--- COLLECTED MATERIAL Enclosed Below ---

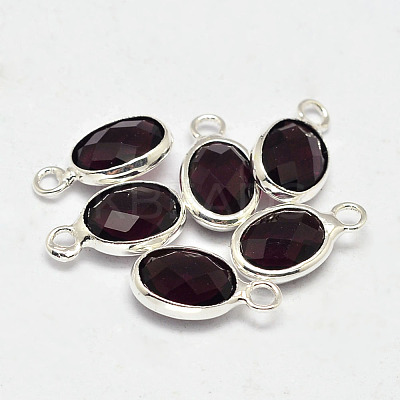 Oval Faceted Silver Tone Brass Glass Charms GLAA-O015-13S-1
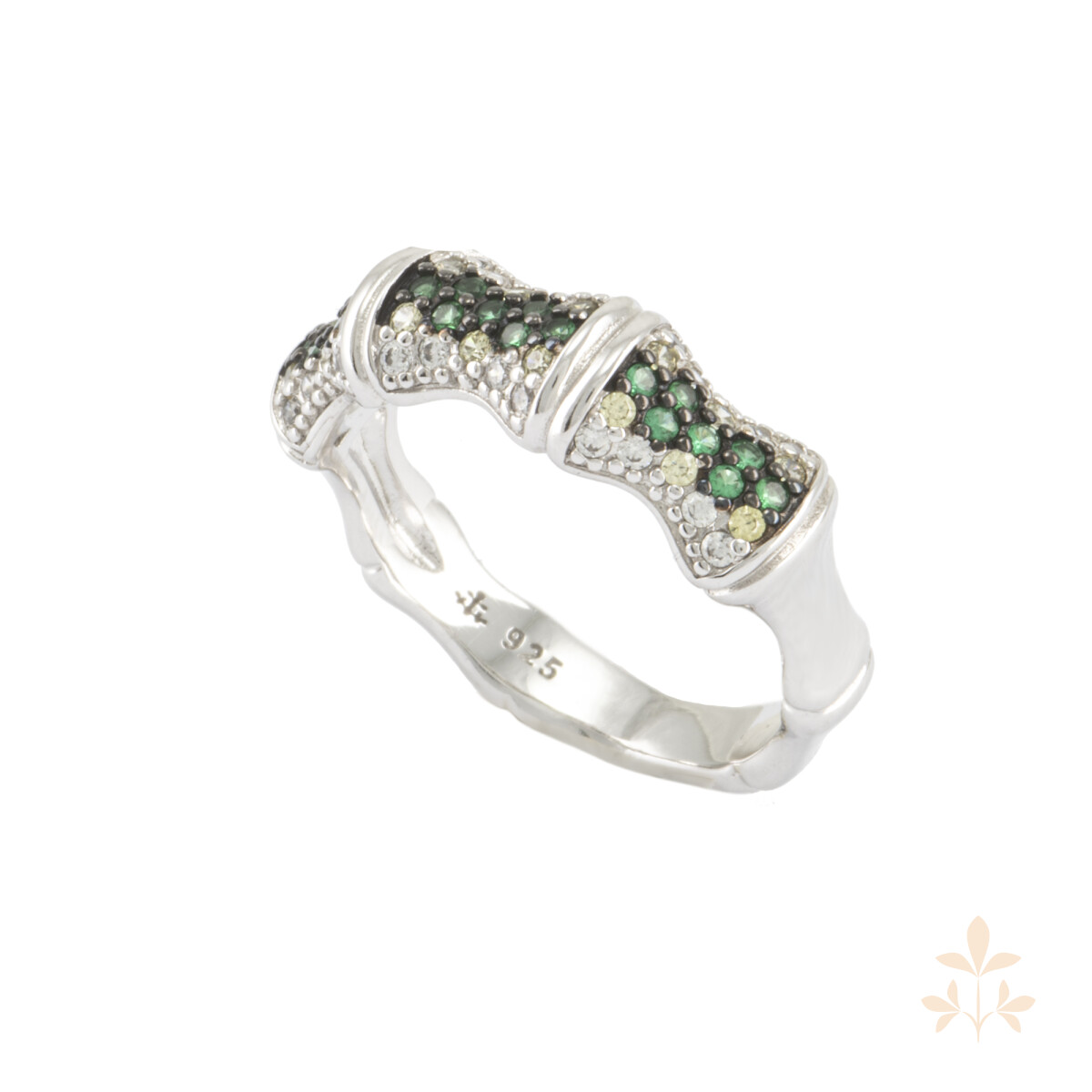 Seinerzeit Emerald Bambus Ring SZA-1990-322-58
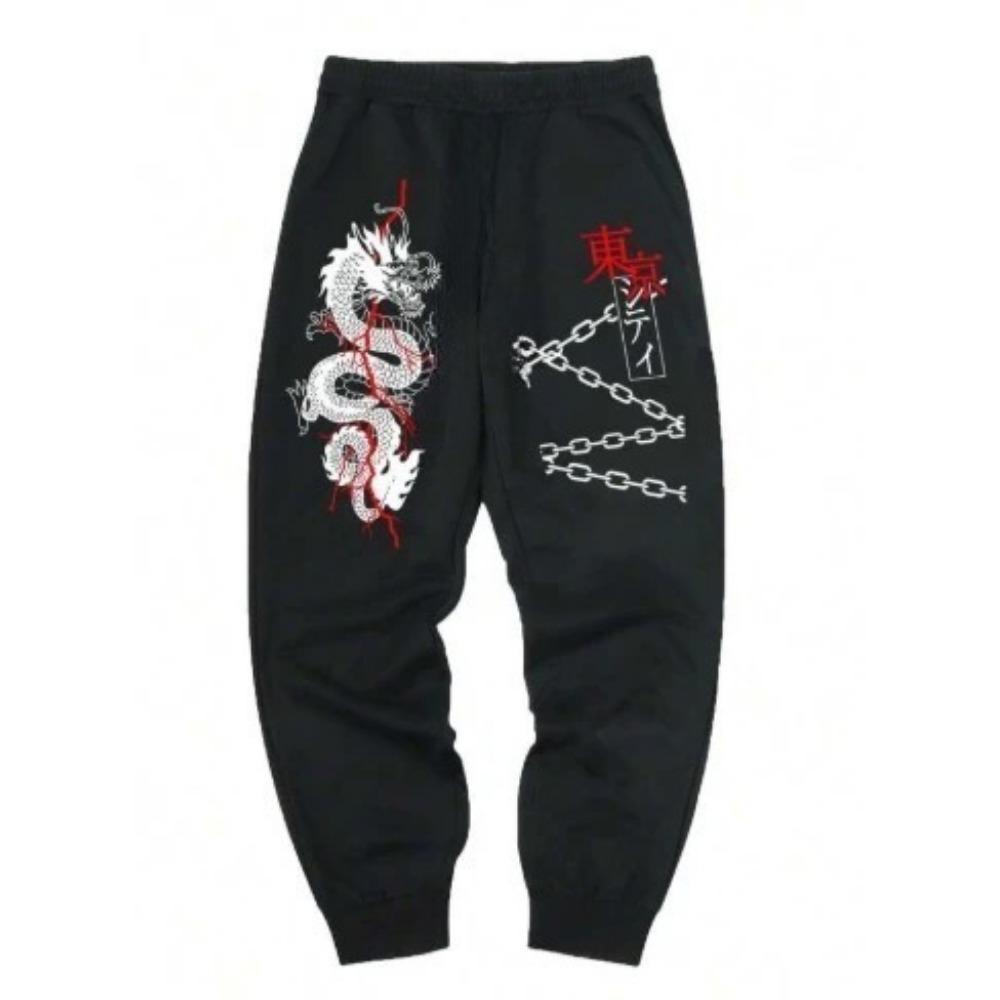 Dragon Patterned Sanitary Pants for Men s Casual Jogging Pants City Street Dragon Patterned Jogging Pants S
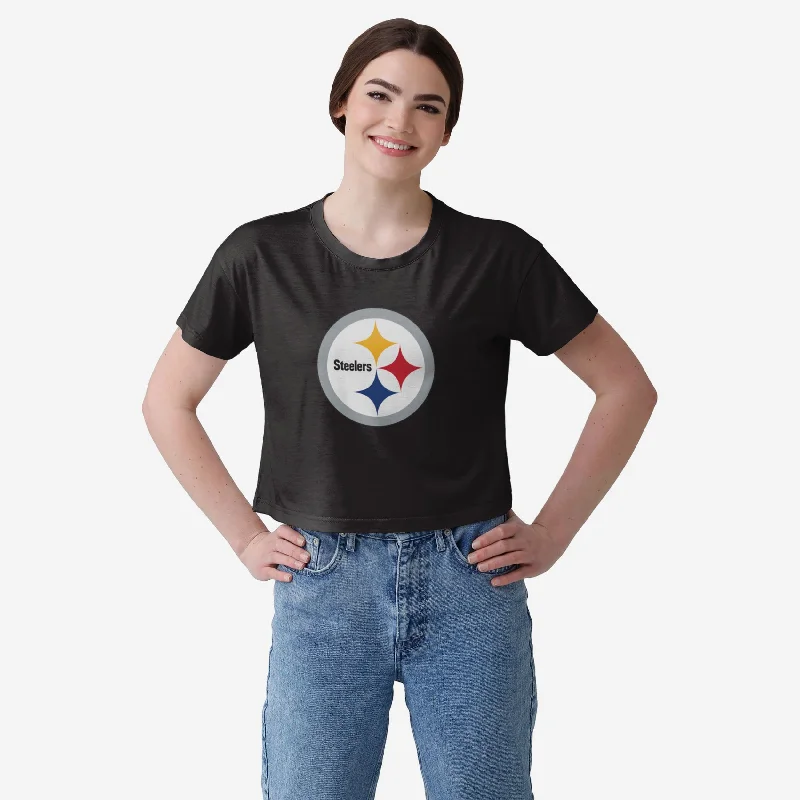 Pittsburgh Steelers Womens Solid Big Logo Crop Top Athletic Women's High -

--- End of Enclosed COLLECTED MATERIAL ---

From the line containing "Seinerzeit Emerald Bambus" down to the final line of the material above, reproduce each line exactly and include no images.

### WRITTEN SOLUTION
 Seinerzeit Emerald Bambus Ring SZA-1990-322-58
 Dragon Patterned Sanitary Pants for Men s Casual Jogging Pants City Street Dragon Patterned Jogging Pants S
 Pittsburgh Steelers Womens Solid Big Logo Crop Top Athletic Women's High -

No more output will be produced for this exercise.